No strictures on Bopaiah: BJP

Speaker is a quasi-judicial authority whose orders can be reviewed by higher courts

Opposition leaders have been highlighting the caustic observations made by the Supreme Court on the way the Speaker conducted the disqualification proceedings against 16 members, while setting aside the disqualification order.

But the Speaker has categorically said he will not resign. The BJP too has strongly defended Bopaiah. The party leaders are arguing that the Speaker conducted the proceedings as a quasi-judicial authority.

Orders passed by a quasi-judicial authority can always be reviewed by the higher courts. If the higher court takes a different view on an issue, it does not mean that authority that passed the earlier order should be punished, the BJP leaders argue.

Disqualification proceedings

Soon after Chief Minister B S Yeddyurappa filed a petition seeking disqualification of 13 BJP rebel MLAs, on October 7, 2010, the Speaker issued show-cause notices to the MLAs and asked them to reply by October 10.

Of the 13 MLAs, 11 of them filed their interim reply to the petition on October 9.

Two other rebel MLAs announced that they will support the Government, and proceedings against them were dropped. A separate petition was filed against five Independents, who had also withdrawn their support. The Governor had directed the Chief Minister to prove majority on the floor of the House by October 12.

In their reply, the MLAs disputed the disqualification petition on two grounds.

First, the petition did not attract penal provisions of Tenth Schedule of the Constitution as they withdrew the support to the Yeddyurappa Government in the interest of the State and that they were disillusioned with the functioning of the Government.

Second, the Speaker did not give seven days time to reply to the notice, thus amounting to violation of the rule 7(b) of the Karnataka Legislative Assembly (Disqualification of Members on Ground of Defection) rules, 1986.

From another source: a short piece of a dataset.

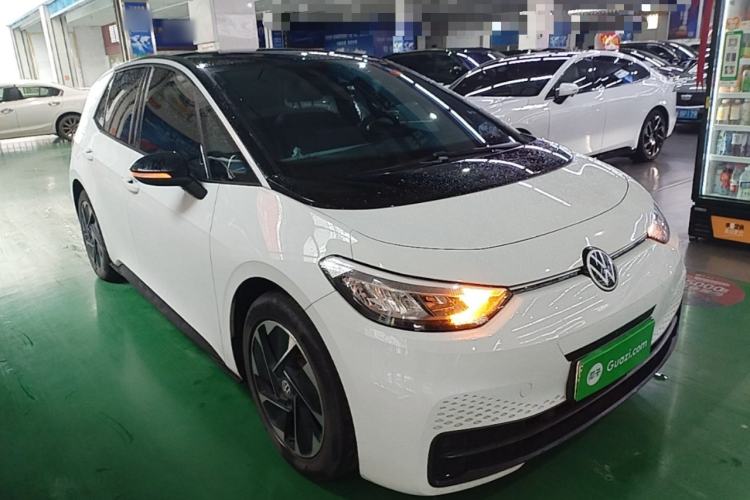 Used Volkswagen ID.3 2024 Pure & Smart Edition Front Right 45 Deg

As per the Gazette notification of the Speaker’s order dated October 11, 2010, Bopaiah stated that letters submitted by the MLAs to the Governor withdrawing their support to the Government implied quitting the BJP voluntarily.

Media reports of the MLAs associating with JD(S) leader H D Kumaraswamy only corroborated this point, and hence their action attracted the penal provisions of the anti-defection law.

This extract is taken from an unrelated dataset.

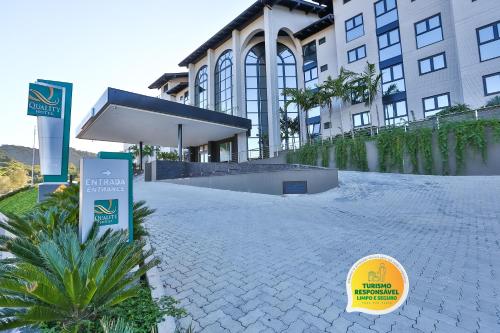 269964378 Quality Hotel Blumenau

On not giving seven days time, the Speaker had said the objection is only technical in nature, and it cannot be accepted. The disqualification rules are only directory in nature and not binding on him to follow, he added.

‘SC hasn’t passed strictures’

Senior advocate and KSIIDC Chairman K Diwakar has claimed that the Supreme Court has not passed strictures against the Speaker as the Opposition parties have contended. As per the judicial dictionary, stricture means adverse reference or remarks.

Nowhere in the judgement copy has the SC made any adverse remarks on the Speaker, he claimed.